The optimized gradient method

Problem setup

Consider the unconstrained minimization problem

\[\minimize_{x \in \calH} f(x),\]

where \(f : \calH \to \reals\) is convex and \(L\)-smooth with \(L>0\).

For initial points \(x^0, y^0 \in \calH\) and iteration budget \(K \in \mathbb{N}\), the optimized gradient method [KF15] is given by

\[\begin{split}(\forall k \in \llbracket 0, K-1 \rrbracket)\quad \left[ \begin{aligned} y^{k+1} &= x^k - \frac{1}{L}\nabla f(x^k), \\ x^{k+1} &= y^{k+1} + \frac{\theta_k - 1}{\theta_{k+1}}(y^{k+1} - y^k) + \frac{\theta_k}{\theta_{k+1}}(y^{k+1} - x^k). \end{aligned} \right.\end{split}\]

\[\begin{split}\theta_k = \begin{cases} 1, & \text{if } k = 0, \\ \dfrac{1 + \sqrt{1 + 4\theta_{k-1}^2}}{2}, & \text{if } k \in \llbracket 1, K-1 \rrbracket, \\ \dfrac{1 + \sqrt{1 + 8\theta_{k-1}^2}}{2}, & \text{if } k = K. \end{cases}\end{split}\]

In this example, we search for the smallest AutoLyap certificate constant \(c_K\) such that

\[f(x^K)-f(x^\star)\le c_K\|x^0-x^\star\|^2,\]

where \(x^\star \in \Argmin_{x \in \calH} f(x)\).

Model the problem in AutoLyap and search for the smallest c_K

\(f\) is modeled by SmoothConvex.
The optimization problem is represented by InclusionProblem.
The update rule is represented by OptimizedGradientMethod.
Initial-horizon parameters are obtained with IterationDependent.get_parameters_distance_to_solution.
Final-horizon function-value parameters are obtained with IterationDependent.get_parameters_function_value_suboptimality.
The certificate constant is computed with IterationDependent.search_lyapunov.

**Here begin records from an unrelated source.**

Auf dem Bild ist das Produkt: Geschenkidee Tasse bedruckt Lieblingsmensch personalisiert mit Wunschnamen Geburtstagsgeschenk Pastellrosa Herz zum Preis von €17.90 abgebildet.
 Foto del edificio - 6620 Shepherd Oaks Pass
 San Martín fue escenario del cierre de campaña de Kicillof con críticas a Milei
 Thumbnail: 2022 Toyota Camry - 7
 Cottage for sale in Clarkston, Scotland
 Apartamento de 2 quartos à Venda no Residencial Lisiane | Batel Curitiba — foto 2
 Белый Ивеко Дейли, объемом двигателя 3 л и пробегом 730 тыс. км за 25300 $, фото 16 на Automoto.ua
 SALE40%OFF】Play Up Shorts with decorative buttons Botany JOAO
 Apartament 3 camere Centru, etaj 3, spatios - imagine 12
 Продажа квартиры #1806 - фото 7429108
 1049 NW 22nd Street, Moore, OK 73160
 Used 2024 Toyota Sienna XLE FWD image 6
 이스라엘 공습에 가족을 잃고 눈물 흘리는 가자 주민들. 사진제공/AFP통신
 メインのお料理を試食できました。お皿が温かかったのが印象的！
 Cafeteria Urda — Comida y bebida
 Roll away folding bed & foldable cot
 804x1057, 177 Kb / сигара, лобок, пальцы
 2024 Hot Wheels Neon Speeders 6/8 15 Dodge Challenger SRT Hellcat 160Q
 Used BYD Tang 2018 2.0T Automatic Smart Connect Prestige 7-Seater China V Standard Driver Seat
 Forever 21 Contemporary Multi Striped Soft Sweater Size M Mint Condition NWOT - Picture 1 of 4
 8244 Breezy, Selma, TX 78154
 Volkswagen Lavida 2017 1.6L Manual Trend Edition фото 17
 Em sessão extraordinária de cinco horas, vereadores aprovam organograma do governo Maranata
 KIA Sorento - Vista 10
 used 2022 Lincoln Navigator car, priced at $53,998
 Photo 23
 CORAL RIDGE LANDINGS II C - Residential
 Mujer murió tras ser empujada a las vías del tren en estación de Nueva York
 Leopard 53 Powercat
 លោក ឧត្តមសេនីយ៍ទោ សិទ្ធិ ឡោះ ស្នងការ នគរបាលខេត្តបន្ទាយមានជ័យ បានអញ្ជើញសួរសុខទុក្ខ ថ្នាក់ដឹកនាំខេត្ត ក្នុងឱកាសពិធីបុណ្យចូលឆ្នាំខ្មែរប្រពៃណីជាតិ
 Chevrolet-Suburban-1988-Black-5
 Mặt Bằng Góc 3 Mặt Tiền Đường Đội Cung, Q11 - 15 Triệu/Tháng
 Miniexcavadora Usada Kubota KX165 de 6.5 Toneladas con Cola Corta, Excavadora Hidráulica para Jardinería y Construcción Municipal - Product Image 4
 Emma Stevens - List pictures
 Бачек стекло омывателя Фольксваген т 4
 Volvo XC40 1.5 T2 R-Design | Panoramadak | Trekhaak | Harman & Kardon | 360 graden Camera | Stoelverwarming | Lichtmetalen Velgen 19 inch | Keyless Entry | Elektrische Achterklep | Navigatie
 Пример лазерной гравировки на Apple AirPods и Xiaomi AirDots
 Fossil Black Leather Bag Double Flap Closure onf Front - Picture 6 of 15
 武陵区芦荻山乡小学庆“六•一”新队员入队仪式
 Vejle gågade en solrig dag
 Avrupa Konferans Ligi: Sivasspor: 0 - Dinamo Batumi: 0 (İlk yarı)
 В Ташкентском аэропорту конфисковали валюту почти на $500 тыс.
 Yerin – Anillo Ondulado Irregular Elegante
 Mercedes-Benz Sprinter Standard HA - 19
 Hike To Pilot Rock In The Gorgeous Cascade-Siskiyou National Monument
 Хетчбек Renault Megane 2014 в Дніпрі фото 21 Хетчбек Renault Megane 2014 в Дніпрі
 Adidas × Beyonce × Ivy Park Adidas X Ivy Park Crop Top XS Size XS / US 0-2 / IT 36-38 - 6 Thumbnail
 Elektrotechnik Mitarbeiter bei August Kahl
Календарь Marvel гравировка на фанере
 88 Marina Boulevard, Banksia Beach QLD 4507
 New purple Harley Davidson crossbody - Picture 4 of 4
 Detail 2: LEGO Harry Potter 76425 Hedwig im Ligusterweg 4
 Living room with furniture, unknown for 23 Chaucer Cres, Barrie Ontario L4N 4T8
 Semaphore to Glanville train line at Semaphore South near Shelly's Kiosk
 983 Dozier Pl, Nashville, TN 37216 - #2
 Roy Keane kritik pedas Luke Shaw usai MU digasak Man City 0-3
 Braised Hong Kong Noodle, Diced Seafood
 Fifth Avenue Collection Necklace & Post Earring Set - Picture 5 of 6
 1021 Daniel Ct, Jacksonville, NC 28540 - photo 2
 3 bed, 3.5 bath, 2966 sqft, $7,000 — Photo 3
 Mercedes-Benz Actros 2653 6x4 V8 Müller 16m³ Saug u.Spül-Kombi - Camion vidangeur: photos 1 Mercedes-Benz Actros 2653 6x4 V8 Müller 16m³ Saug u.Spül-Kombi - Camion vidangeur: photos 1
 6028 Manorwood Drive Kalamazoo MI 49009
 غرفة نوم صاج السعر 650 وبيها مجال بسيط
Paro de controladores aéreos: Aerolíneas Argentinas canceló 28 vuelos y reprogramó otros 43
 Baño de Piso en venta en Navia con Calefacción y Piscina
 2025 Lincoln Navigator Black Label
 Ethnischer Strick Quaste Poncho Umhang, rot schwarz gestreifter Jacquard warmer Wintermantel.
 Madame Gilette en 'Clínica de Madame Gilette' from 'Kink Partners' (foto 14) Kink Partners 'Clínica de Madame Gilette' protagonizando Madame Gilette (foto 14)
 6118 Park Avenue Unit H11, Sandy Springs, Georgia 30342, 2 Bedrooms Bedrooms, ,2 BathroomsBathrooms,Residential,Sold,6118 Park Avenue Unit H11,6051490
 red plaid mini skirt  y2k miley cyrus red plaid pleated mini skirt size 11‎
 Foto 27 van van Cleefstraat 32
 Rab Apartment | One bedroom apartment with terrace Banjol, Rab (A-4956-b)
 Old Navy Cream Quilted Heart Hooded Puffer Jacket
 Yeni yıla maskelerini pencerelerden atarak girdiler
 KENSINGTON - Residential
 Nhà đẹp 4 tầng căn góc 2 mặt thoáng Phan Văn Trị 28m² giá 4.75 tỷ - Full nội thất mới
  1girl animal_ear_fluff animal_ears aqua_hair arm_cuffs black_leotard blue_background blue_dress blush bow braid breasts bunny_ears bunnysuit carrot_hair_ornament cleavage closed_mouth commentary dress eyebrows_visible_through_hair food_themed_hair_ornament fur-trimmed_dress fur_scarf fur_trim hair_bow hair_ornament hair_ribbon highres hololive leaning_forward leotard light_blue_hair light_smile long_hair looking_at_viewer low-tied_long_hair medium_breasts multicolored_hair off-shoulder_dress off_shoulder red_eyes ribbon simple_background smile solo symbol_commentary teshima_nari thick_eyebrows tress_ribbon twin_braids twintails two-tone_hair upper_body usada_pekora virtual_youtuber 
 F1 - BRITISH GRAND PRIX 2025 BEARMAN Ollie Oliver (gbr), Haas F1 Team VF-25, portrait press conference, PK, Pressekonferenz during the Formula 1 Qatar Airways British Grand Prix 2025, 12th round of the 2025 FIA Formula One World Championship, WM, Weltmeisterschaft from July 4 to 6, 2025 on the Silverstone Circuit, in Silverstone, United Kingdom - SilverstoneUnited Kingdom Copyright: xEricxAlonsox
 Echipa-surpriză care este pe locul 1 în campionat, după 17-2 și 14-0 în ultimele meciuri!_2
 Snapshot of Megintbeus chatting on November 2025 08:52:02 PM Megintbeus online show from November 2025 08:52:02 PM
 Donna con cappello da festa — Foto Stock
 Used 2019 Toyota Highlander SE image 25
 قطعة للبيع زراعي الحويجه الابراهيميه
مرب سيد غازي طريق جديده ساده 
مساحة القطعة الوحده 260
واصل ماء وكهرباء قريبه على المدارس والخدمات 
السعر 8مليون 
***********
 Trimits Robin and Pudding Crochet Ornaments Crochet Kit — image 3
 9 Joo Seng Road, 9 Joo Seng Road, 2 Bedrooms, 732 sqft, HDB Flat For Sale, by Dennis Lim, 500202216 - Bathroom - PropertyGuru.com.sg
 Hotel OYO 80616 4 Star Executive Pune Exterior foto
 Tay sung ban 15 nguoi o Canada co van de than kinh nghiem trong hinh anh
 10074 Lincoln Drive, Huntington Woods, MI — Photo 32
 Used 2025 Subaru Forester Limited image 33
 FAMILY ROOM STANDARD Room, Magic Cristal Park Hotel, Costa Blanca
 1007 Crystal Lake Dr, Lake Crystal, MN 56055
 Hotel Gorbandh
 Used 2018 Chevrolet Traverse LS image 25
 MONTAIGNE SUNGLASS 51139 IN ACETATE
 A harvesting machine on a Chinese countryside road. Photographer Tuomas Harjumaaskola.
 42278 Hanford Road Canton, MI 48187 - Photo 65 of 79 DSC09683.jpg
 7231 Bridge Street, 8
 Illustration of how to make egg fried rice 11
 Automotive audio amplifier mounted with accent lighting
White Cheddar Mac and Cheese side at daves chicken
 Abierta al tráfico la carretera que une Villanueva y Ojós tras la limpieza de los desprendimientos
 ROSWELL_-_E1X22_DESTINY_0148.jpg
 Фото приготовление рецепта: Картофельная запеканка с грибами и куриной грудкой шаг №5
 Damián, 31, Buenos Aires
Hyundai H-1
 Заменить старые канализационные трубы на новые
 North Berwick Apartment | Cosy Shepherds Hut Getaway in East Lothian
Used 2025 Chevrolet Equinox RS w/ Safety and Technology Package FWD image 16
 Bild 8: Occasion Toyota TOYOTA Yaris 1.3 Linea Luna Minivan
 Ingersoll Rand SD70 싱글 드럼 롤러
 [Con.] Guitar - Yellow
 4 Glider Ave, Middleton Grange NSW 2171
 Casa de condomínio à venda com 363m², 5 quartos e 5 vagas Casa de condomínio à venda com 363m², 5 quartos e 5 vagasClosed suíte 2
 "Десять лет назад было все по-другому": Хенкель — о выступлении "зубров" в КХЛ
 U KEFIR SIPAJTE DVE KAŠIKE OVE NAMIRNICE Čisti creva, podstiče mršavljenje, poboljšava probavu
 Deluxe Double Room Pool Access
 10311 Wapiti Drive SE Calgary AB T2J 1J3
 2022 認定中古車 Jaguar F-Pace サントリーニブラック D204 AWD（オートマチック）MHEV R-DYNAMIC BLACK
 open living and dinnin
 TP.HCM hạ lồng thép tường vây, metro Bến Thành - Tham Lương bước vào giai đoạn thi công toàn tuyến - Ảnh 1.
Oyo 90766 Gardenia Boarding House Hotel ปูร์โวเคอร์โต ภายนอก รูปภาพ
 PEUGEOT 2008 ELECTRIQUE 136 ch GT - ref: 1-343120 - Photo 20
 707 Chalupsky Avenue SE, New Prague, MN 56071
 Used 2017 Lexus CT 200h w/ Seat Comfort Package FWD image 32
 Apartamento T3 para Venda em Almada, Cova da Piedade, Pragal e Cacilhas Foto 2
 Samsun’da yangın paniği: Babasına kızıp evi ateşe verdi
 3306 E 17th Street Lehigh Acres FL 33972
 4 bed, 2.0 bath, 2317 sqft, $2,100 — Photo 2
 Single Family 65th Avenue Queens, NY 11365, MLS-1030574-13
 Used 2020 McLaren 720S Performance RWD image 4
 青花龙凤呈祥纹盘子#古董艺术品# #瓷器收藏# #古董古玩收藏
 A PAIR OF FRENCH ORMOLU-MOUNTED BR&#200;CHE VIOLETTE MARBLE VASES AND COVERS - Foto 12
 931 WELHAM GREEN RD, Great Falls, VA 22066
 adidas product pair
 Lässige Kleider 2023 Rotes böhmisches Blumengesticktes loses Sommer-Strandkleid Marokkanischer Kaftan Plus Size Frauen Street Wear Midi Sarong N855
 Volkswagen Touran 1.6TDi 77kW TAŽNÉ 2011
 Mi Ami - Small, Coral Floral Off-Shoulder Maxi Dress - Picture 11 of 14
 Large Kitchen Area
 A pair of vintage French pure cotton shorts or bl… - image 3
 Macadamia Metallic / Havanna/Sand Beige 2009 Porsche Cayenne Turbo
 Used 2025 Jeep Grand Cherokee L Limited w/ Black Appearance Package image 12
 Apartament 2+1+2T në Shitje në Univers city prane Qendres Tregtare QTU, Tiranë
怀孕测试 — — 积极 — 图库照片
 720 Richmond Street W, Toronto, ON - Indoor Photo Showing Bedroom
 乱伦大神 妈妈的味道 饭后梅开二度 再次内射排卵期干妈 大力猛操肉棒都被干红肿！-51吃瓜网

Run the iteration-dependent analysis

This example uses the MOSEK Fusion backend (backend="mosek_fusion"). Install the optional MOSEK dependency first:

pip install "autolyap[mosek]"

from autolyap import IterationDependent, SolverOptions
from autolyap.algorithms import OptimizedGradientMethod
from autolyap.problemclass import InclusionProblem, SmoothConvex

L = 1.0
K = 5

problem = InclusionProblem([SmoothConvex(L)])
algorithm = OptimizedGradientMethod(L=L, K=K)
solver_options = SolverOptions(backend="mosek_fusion")
# License-free option:
# solver_options = SolverOptions(backend="cvxpy", cvxpy_solver="CLARABEL")

Q_0, q_0 = IterationDependent.get_parameters_distance_to_solution(
    algorithm,
    0,
    i=1,
    j=1,
)
Q_K, q_K = IterationDependent.get_parameters_function_value_suboptimality(
    algorithm,
    K,
)

result = IterationDependent.search_lyapunov(
    problem,
    algorithm,
    K,
    Q_0,
    Q_K,
    q_0=q_0,
    q_K=q_K,
    solver_options=solver_options,
)

if result["status"] != "feasible":
    raise RuntimeError("No feasible chained Lyapunov certificate for this setup.")

c_K = result["c_K"]
theta_K = algorithm.compute_theta(K, K)
c_K_theory = L / (2.0 * theta_K ** 2)

print(f"c_K (AutoLyap): {c_K:.6e}")
print(f"c_K (theory):   {c_K_theory:.6e}")

What to inspect in result:

result["status"]: feasible, infeasible, or not_solved.
result["solve_status"]: raw backend status.
result["c_K"]: certified finite-horizon constant when feasible.
result["certificate"]: chained Lyapunov certificate matrices/vectors.

The computed value c_K (AutoLyap) matches (up to solver numerical tolerances) the theoretical horizon-K expression:

\[f(x^K) - f(x^\star) \le c_K\,\|x^0 - x^\star\|^2, \qquad c_K = \frac{L}{2\theta_K^2}.\]

In particular,

\[f(x^K) - f(x^\star) = O\!\left(\frac{1}{\theta_K^2}\right) = O\!\left(\frac{1}{K^2}\right).\]

Sweeping over \(K \in \llbracket 1, 100\rrbracket\) gives the log-log plot below, with the theoretical bound in black and AutoLyap certificates as blue dots.

Optimized-gradient c_K versus K in log-log scale with theoretical line and AutoLyap points.

References

[KF15]

Donghwan Kim and Jeffrey A. Fessler. Optimized first-order methods for smooth convex minimization. Mathematical Programming, 159(1-2):81–107, October 2015. doi:10.1007/s10107-015-0949-3.